For example, the Department of Defense would benefit from new solutions for power-constrained edge computing, where the total power for an unmanned aerial system (UAS) mission must be shared across all vital functions. In the UAS application, a slight predicted degradation in performance may be acceptable in exchange for increased range to complete a mission.

Mapping Machine Learning to Physics (ML2P) aims to increase the military’s ability to adapt ML on the battlefield by providing energy-aware ML and enabling the strategic use of limited power resources.

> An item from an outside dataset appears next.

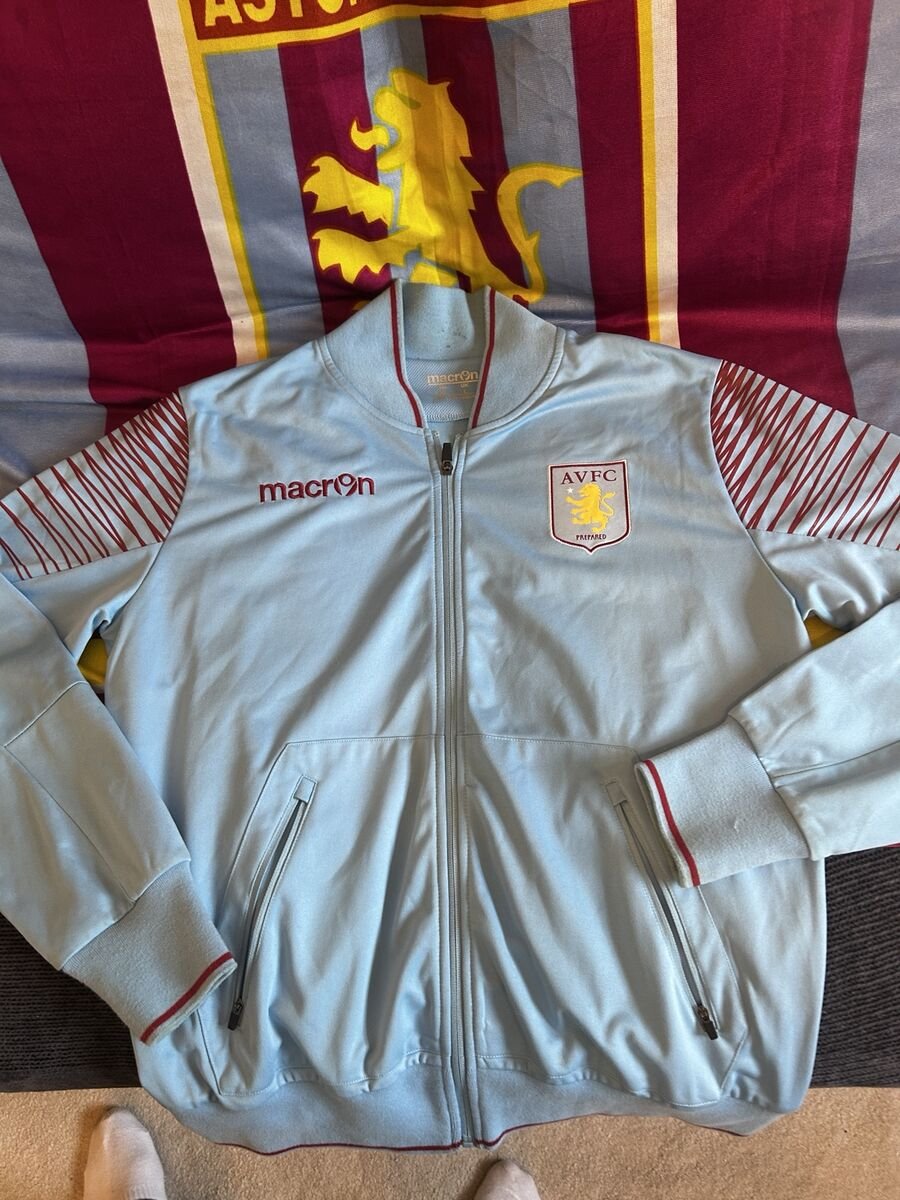 Macron era Training jacket - light blue zip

The program will map ML efficiency to physics by using precise (forensic) granular measurements in joules (J), which ensures metrics are directly comparable across hardware architectures from analog to photonic computing. ML2P will construct energy-aware ML optimized for power (J) and performance for a given task (e.g., clustering, classification) and candidate hardware for the life cycle of the model by exploring two prerequisite areas:

  • Develop objective functions that are optimal, feasible, and provide the desired trade-off for power and performance for a diversity of objective functions and a given application (e.g., data, task, and hardware), enabling energy-aware ML construction.
  • Discover the power-performance interactions between local optimizations via capturing the energy semantics of ML and enabling optimization of the non-convex, energy-aware ML problem. Simply put, the program will first document how local optimizations interact, then optimize for a given point in the model’s life cycle to illuminate the optimal energy-aware ML solution.  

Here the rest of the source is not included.